*Material for this task*
——————

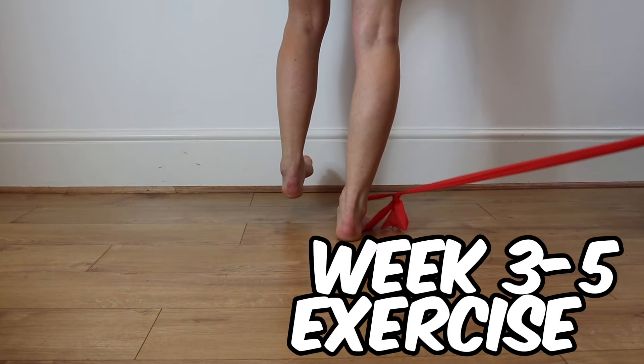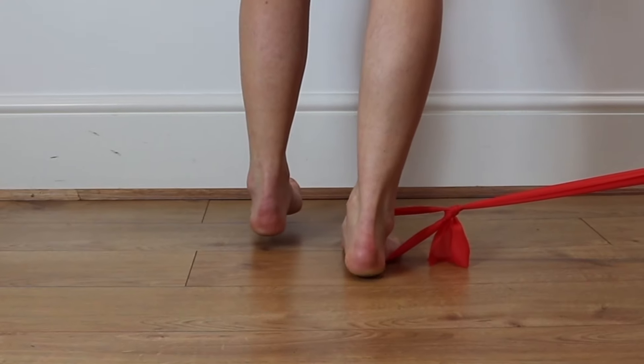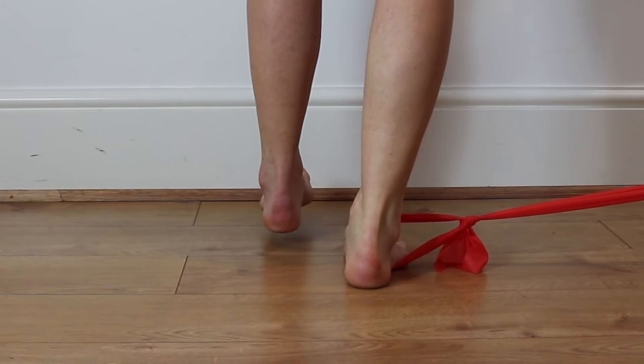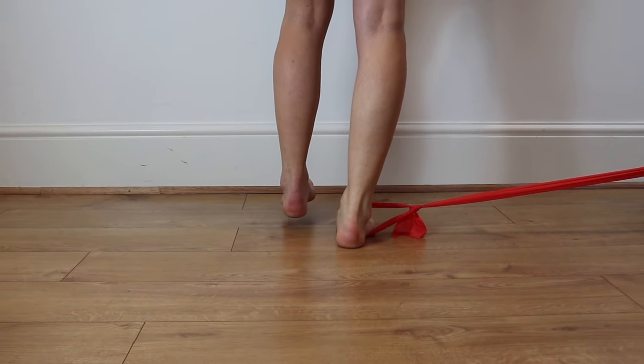Place a band around your ankle, pulling towards the side. Stand on one foot, resisting the band, and try to lift your foot up and down, placing the majority of the weight through your big toe and controlling your ankle as it moves through a slow, controlled motion.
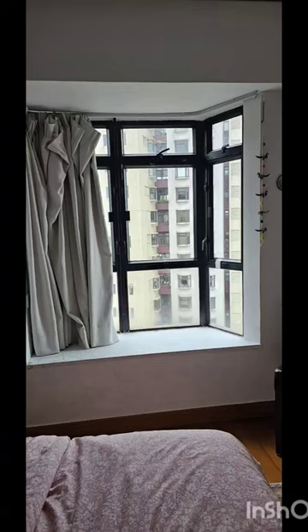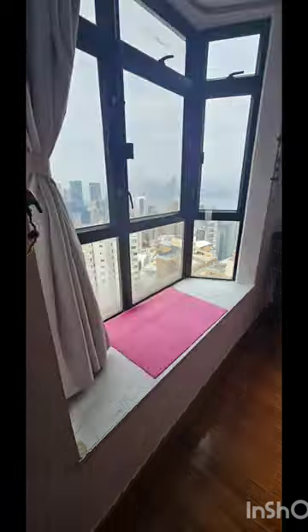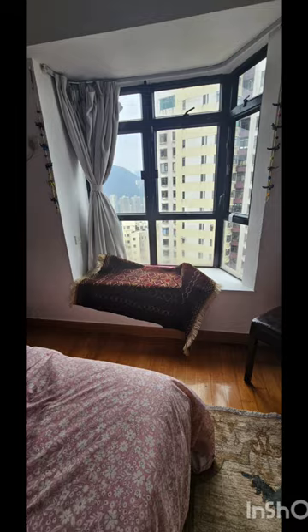Hello! I am Sana. Today I am here with a new video. If you also have a window seat in your house, then don't let the view outside go to waste. First, I put a small piece of yoga mat, which will stop the rug from moving. On top of it, I put a small rug.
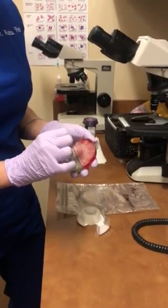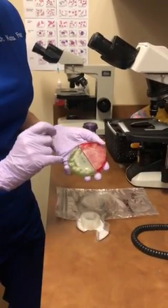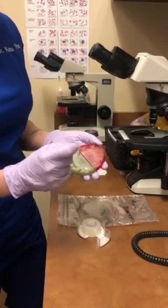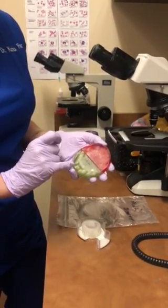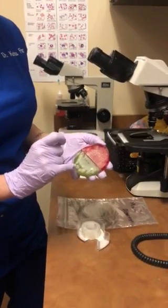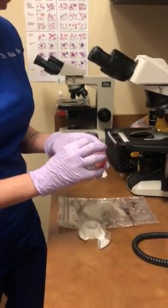This is a combined plate — it has rapid sporulating medium and then your regular DTM. If you have the rapid sporulating medium, that's the best. If you don't have a plate with this, then the regular DTM is just fine.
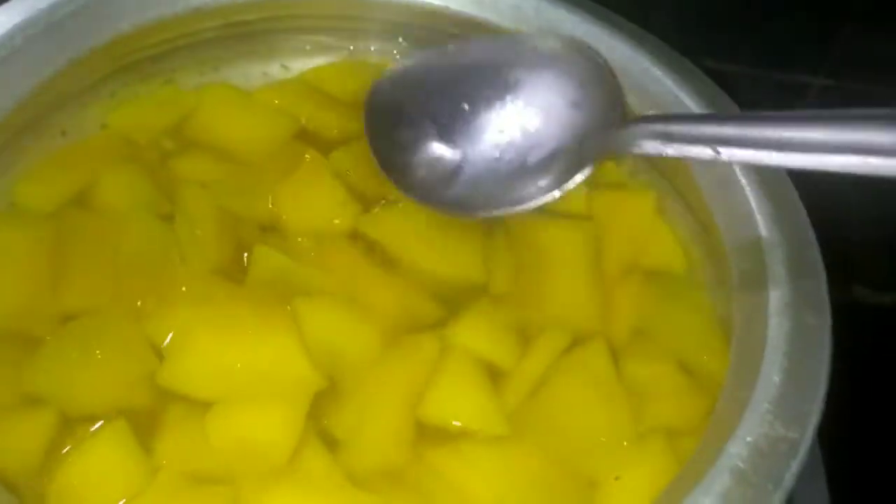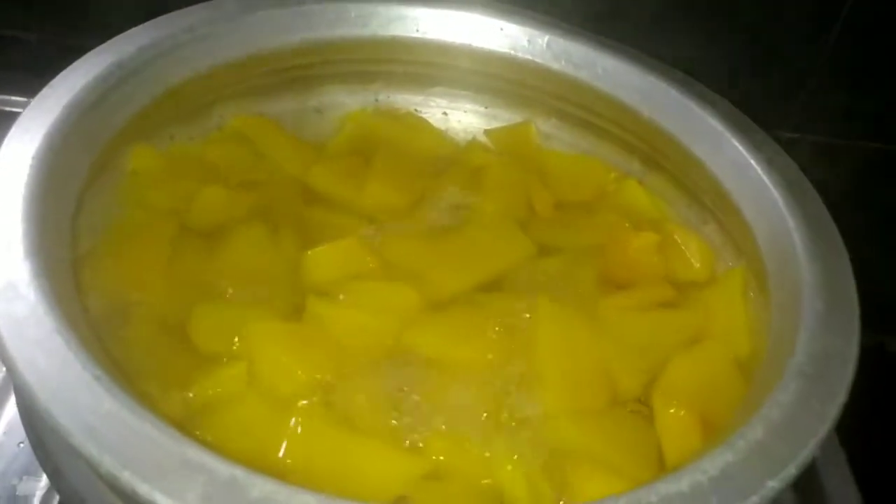Mix it with a bunch of beans. I'm going to stir the chicken. We will fry the chicken. Put the lid on top and pour it in a little. Put the lid on the bottom and stir it in.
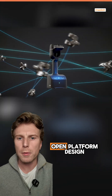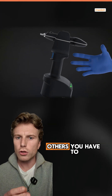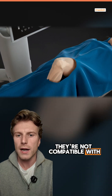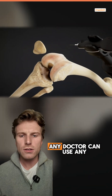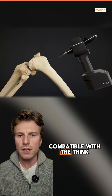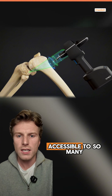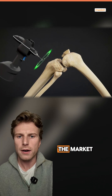The second aspect is its open platform design, which is completely different to other robotic knee replacements on the market. With others, you have to use the robotic arm from one company and also use their implants — they're not compatible with anything else. But Think Surgical is the complete opposite. It's a completely open platform, meaning any doctor can use any total knee replacement and it will be compatible with the Think Surgical instruments. This is huge because the doctor doesn't have to change their workflow, making the robotic system far more accessible to many more doctors and a huge differentiating factor compared to competitors currently on the market.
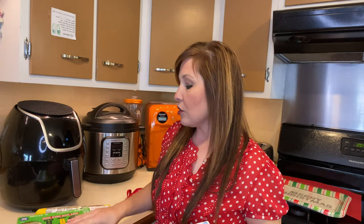So with the first batch we are going to do the holiday Christmas ones, and I'll just kind of throw a couple of these in there and mix it up, and we will see how many we can get in my air fryer.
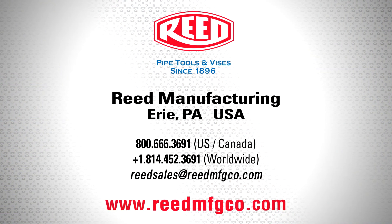Thanks Nick for your time today. They say that PE is a bear to squeeze — well, with the bear hug, things are now a breeze. Make sure you contact your distributor or visit reedmfgco.com and get yours today.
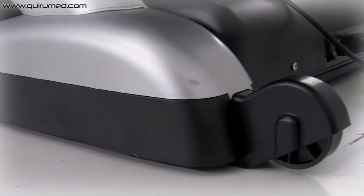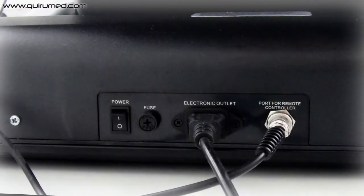Thanks to its back wheels, it is easily transported and connected.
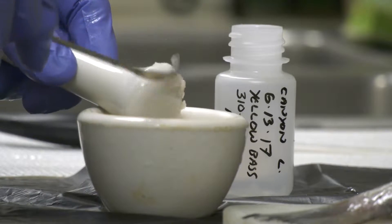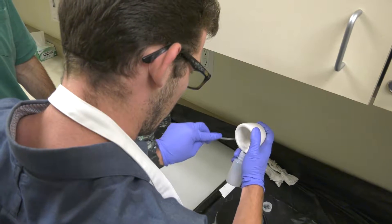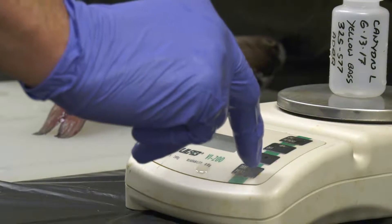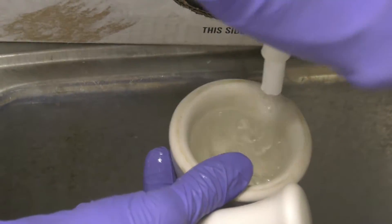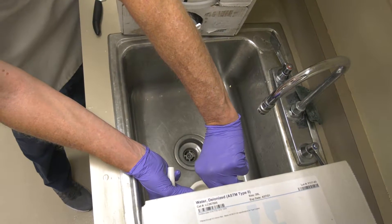Once we have those ground up pretty well, we make sure we have all the tissue back down into the mortar. Then we go ahead and take the actual sample and transfer it to the bottle. We need to do this well so that we don't contaminate the fish any further, so we get really good data at the other end. The mortar and pestle, the knife, etc. all get acid washed with 10% hydrochloric acid, then rinsed with DI water.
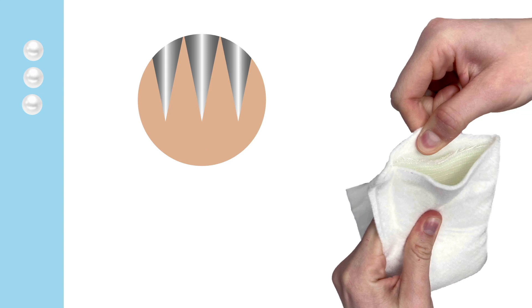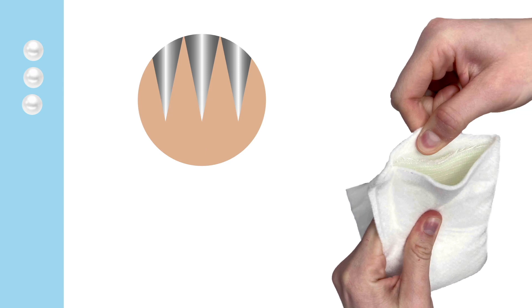The third important pearl relates to the fact that the dried fiberglass ends are sharp and will irritate or even cut your patient's skin. To avoid this, the padding should be stretched over the cut ends of the fiberglass.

——————

If any image appears in the entries, omit it and return the rest verbatim.

*Response area*
Place a band around your ankle, pulling towards the side. Stand on one foot, resisting the band, and try to lift your foot up and down, placing the majority of the weight through your big toe and controlling your ankle as it moves through a slow, controlled motion.
Hello! I am Sana. Today I am here with a new video. If you also have a window seat in your house, then don't let the view outside go to waste. First, I put a small piece of yoga mat, which will stop the rug from moving. On top of it, I put a small rug.
This is a combined plate — it has rapid sporulating medium and then your regular DTM. If you have the rapid sporulating medium, that's the best. If you don't have a plate with this, then the regular DTM is just fine.
Mix it with a bunch of beans. I'm going to stir the chicken. We will fry the chicken. Put the lid on top and pour it in a little. Put the lid on the bottom and stir it in.
The second aspect is its open platform design, which is completely different to other robotic knee replacements on the market. With others, you have to use the robotic arm from one company and also use their implants — they're not compatible with anything else. But Think Surgical is the complete opposite. It's a completely open platform, meaning any doctor can use any total knee replacement and it will be compatible with the Think Surgical instruments. This is huge because the doctor doesn't have to change their workflow, making the robotic system far more accessible to many more doctors and a huge differentiating factor compared to competitors currently on the market.
So with the first batch we are going to do the holiday Christmas ones, and I'll just kind of throw a couple of these in there and mix it up, and we will see how many we can get in my air fryer.
Thanks Nick for your time today. They say that PE is a bear to squeeze — well, with the bear hug, things are now a breeze. Make sure you contact your distributor or visit reedmfgco.com and get yours today.
Thanks to its back wheels, it is easily transported and connected.
Once we have those ground up pretty well, we make sure we have all the tissue back down into the mortar. Then we go ahead and take the actual sample and transfer it to the bottle. We need to do this well so that we don't contaminate the fish any further, so we get really good data at the other end. The mortar and pestle, the knife, etc. all get acid washed with 10% hydrochloric acid, then rinsed with DI water.
The third important pearl relates to the fact that the dried fiberglass ends are sharp and will irritate or even cut your patient's skin. To avoid this, the padding should be stretched over the cut ends of the fiberglass.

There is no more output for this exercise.